The number of Armenian soldiers killed in skirmishes with Azerbaijani forces around Nagorno-Karabakh has drastically fallen this year despite increased ceasefire violations along the “line of contact,” a top military official in Stepanakert said on Wednesday.
Lieutenant-General Movses Hakobian, the commander of Karabakh’s Armenia-backed Defense Army, said only two of soldiers were shot dead by Azerbaijani snipers in the course of 2012, compared with 11 such cases reported in 2011.
“The measures which we have taken to ensure that our soldiers perform their service on the frontline safely have borne fruit,” Hakobian told a news conference. “Today soldiers can confidently carry out observations on all Defense Army positions and they face no dangers if they don’t violate safety rules.”
Nagorno-Karabakh -- On Karabakh frontline, Mataghis, 20Jul2012
Hakobian added that “large-scale work to reinforce frontline positions” has also helped the Karabakh Armenian military substantially reduce the number of incursions by Azerbaijani commando units. “This year there were seven attempts by enemy sabotage groups to penetrate our positions but only one of them partly succeeded in inflicting damage on Defense Army servicemen,” he said. “In the six other cases, those groups were detected and pushed back to their starting positions after suffering casualties.”

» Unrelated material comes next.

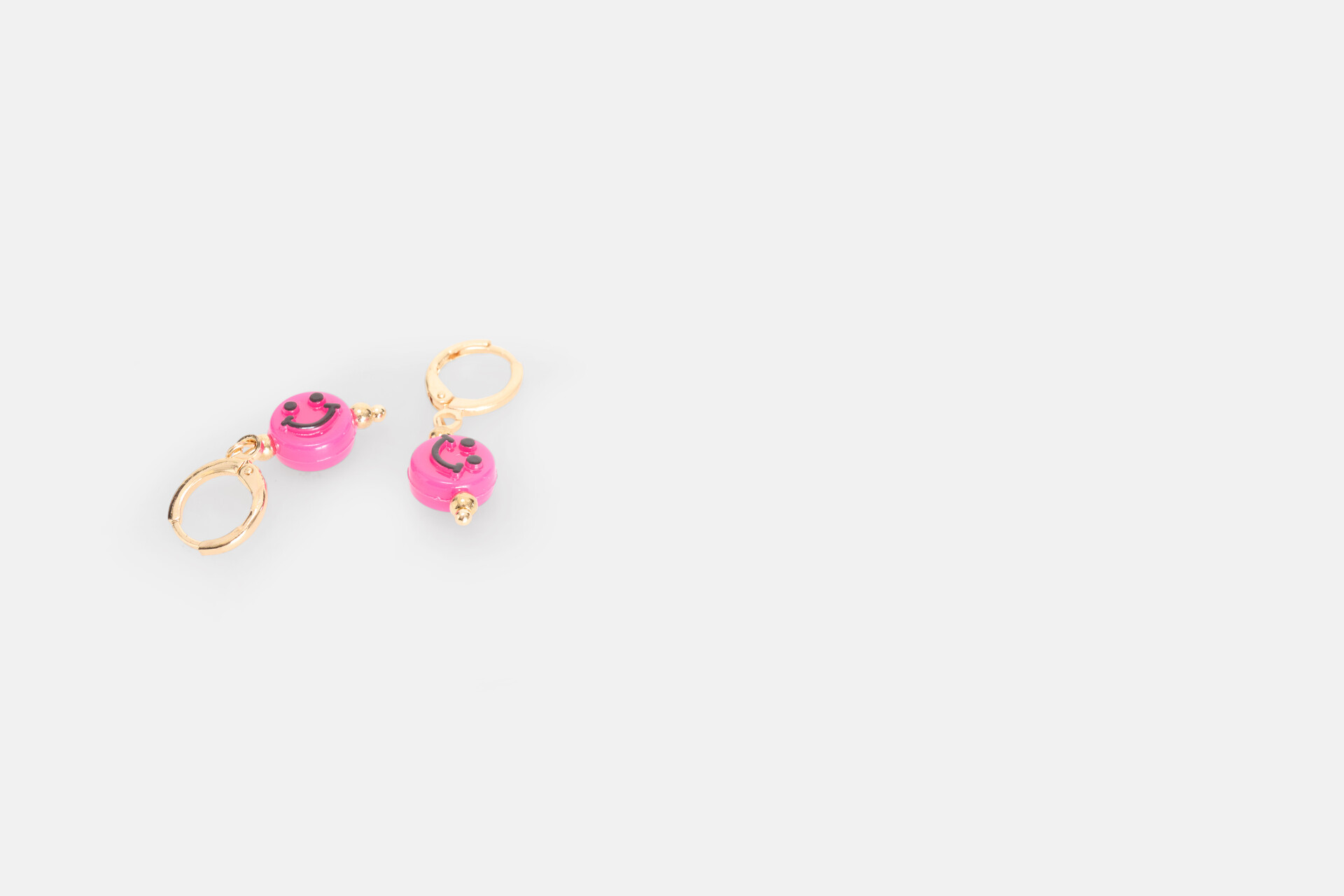Happy Oorbellen Roze SHOEBY ACCESSOIRES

Armenian military fortifications along Armenia’s border with Azerbaijan have also reportedly been beefed up this year. Defense Minister Seyran Ohanian personally inspected in August what his press office described as “exemplary defense structures and posts” constructed at various border sections.
The most volatile, western section of the Armenian-Azerbaijani frontier saw an upsurge in deadly fighting in June, which left more than a dozen Armenian and Azerbaijani soldiers dead. U.S. Secretary of State Hillary Clinton expressed serious concern over those incidents when she visited the South Caucasus later in June.
The conflicting sides blame each other for more frequent truce violations reported from the border and “the line of contact” around Karabakh.